今年のおみくじはどうだっただろうか。2024年の投資戦略は運に任せず、しっかり考えたい(写真:ブルームバーグ)

まったくもって大変な年明けである。元日に能登半島を震度7の地震が襲ったかと思ったら、1月2日には羽田空港で日本航空と海上保安庁の航空機が衝突して炎上。1月3日は北九州市小倉北区の飲食店街で火災が発生だという。いやもう、何が起きるかわからない。

不透明材料満載の2024年


この連載は競馬をこよなく愛するエコノミスト3人による持ち回り連載です(最終ページには競馬の予想が載っています)。記事の一覧はこちら

落ち着かないお正月を迎えているうちに、誰かが耳元で「ふふふ、この程度はほんの小手しらべ……」とささやいたような気がした。

いやもう縁起でもない。それくらい2024年はわけのわからない年である。ざっと思いつくだけでも、これだけの不透明材料がある。

* 世界はウクライナとパレスチナという2つの戦場を抱えている

* 1月13日の台湾総統選挙から11月5日のアメリカ大統領選挙まで、世界中で選挙の当たり年

* 国内政治も寸前暗黒。今月下旬の通常国会召集までに、東京地検は「パーティー券裏金疑惑」の捜査を終えるだろう。さて、鬼が出るか、蛇が出るか

* アメリカのFRB(連邦準備制度理事会)は年内どこかで利下げを開始し、日本銀行はどこかでマイナス金利を解除するだろう。「金利のある世界」はもうそこまで来ているのかも

さあ、こんな不透明な年に、投資戦略をどう考えればいいのか。ここはひとつ、「着眼大局」の精神で、「簡単には変わらない」テーマを扱ってみよう。すなわち世界経済の大きなトレンドを探ってみることにしたい。

材料に使うのは、IMF(国際通貨基金)の「世界経済見通し」(World Economic Outlook)のデータベース2023年10月版だ 。1980年から2028年まで(2023年以降はIMFによる推計値)で、あらゆる国の経済データを公開してくれている。これを使って、世界各国の名目GDPの動きを調べてみた。

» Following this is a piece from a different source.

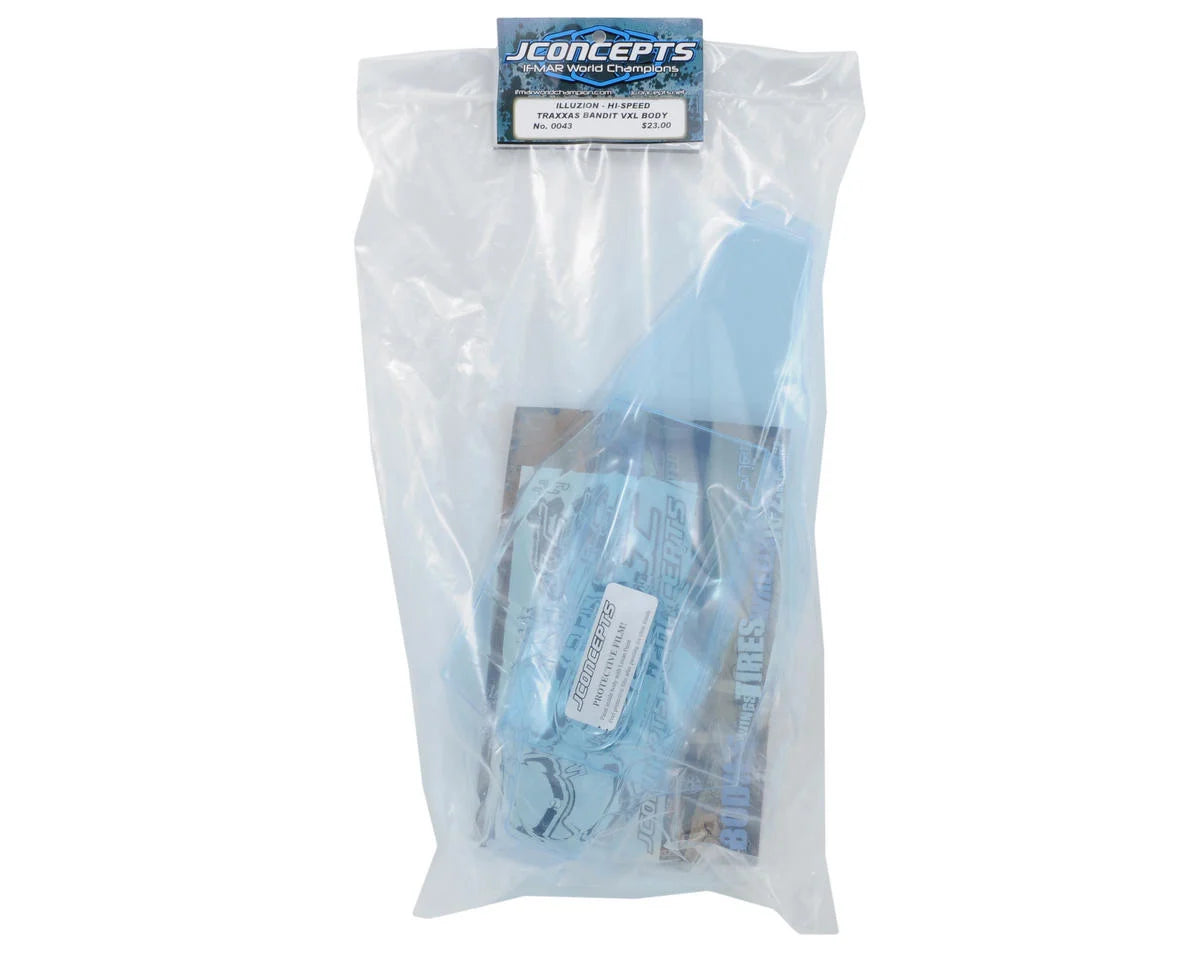 JConcepts Traxxas Bandit VXL "Hi-Speed" Illuzion Body w/7" V-wing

最初に気がつくのは、2022年時点で全世界のGDPがちょうど100兆ドルに達していることだ。世界の総人口を80億人として割り算すると、1人当たりでは1万2500ドルとなる。おお、知らない間に世界はずいぶん豊かになったなと、しばし感慨にふける。中国の1人当たりGDPがちょうどそれくらいなのだから、無理もないのである。

日本と比べてアメリカのGDPは6倍、中国は4倍に

過去に遡ってみると、世界のGDPが50兆ドルを超えたのは、たかだか2006年のことである。さらに25兆ドルを超えたのが1992年であるから、ほぼ15年おきに世界経済は2度、倍増してきたことになる。この間、約4兆ドルでほとんど増加しなかった日本経済は、1990年代半ばには円高もあって世界の約17%を占めていたが、現在はただの4%である。これでは国際的なプレゼンスの低下も致し方あるまい。

そんな中で、あっぱれなのはアメリカ経済である。2022年時点で25.5兆ドル、すなわち全世界の4分の1のシェアをキープしている。以前は「アメリカは人口もGDPも日本の3倍」と覚えていたものだが、今では向こうがこちらの6倍強になってしまった。さらにインフレ抑制のために5%超の利上げをしたのに、今年も1.5%成長が見込まれている。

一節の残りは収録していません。